In Exodus 5:11, Pharaoh tells Moses that the Israelites will now have to gather their own straw to make bricks.
So who was gathering the straw before? In other words, whose time was worth less than a Israelite slave that they would gather straw?
Allow me to expand on my original question: I’m surprised at the posters who blithely gave superficial and obvious answers (third parties, the government, other people) without considering the implications of what they were saying.

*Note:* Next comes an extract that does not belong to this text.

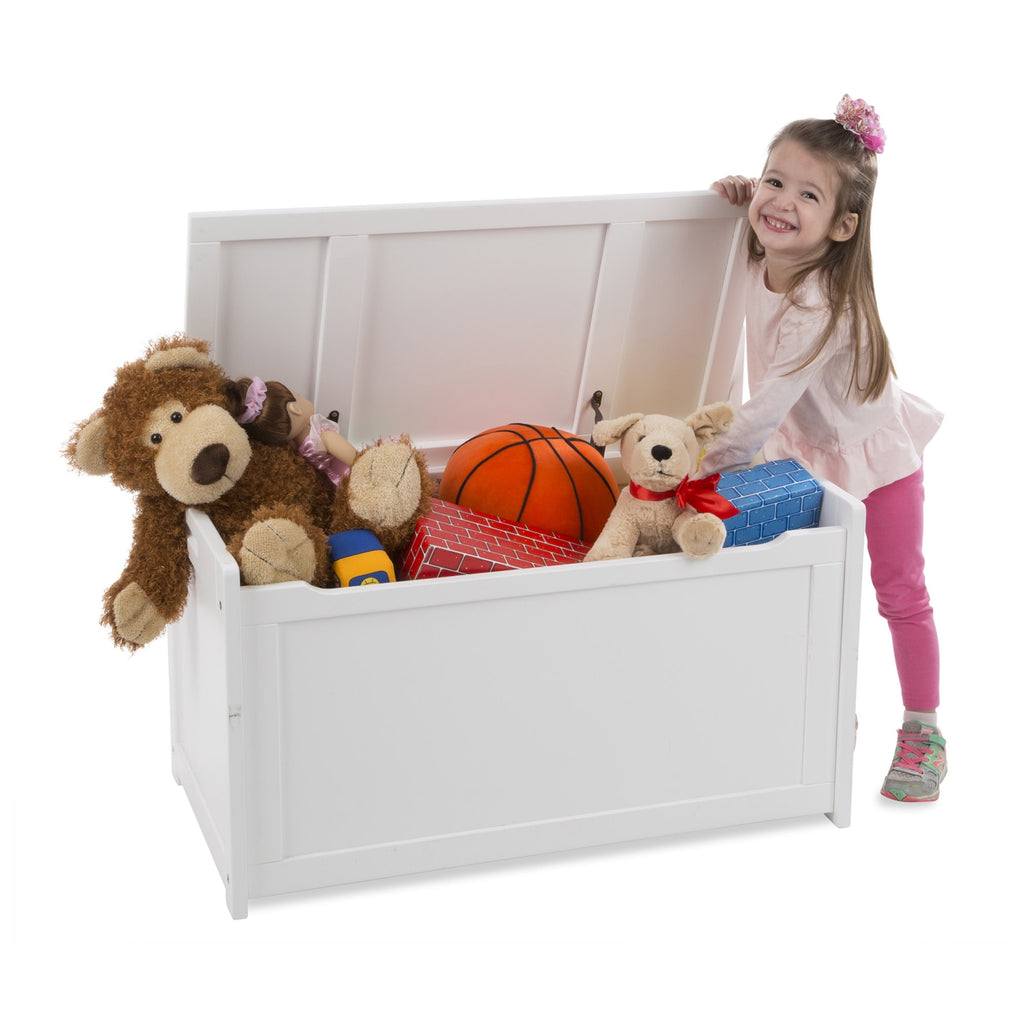 Melissa & Doug Wooden Toy Chest, Toy Storage Box (White) with Hinged-Lid, Playroom Furniture for Kids Ages 3+ [Wood]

To me, this passage gives us an opportunity to explore the nature of the “slavery” of the Hebrews. If we assume Pharaoh, through his taskmasters and overseers, has to power to make the Hebrews do as he wished, one has to ask why weren’t the Hebrews already gathering the straw, doing what must have been a very menial task -- something that even children could do? Even if the fields and brickmaking locations were separated, why couldn’t the Hebrews be in both places? They were already travelling from Goshen. There must have been no shortage of labor, considering how “numerous” they were (Ex 5:5).
When I suggest that someone’s time was worth less than the Hebrews, I’m asking if Pharaoh has all this free labor, why not use if for all the building tasks (gathering materials, making bricks, and actual building)? Perhaps there is an economic component to this question. Could it be that there was some compensation to be considered (some sort of payment, perhaps food for work), and that the cost of using the Hebrews was too high? Was there a particular brickmaking skill that the Hebrews possessed that made it impractical for them to “waste their time” gathering straw? Or were there other groups that could be exploited more easily than the Hebrews?
I think this passage opens a small window into the social structure (hierarchy, order) of Egypt at that time, and exploring it further increases our ability to understand the meaning of the text.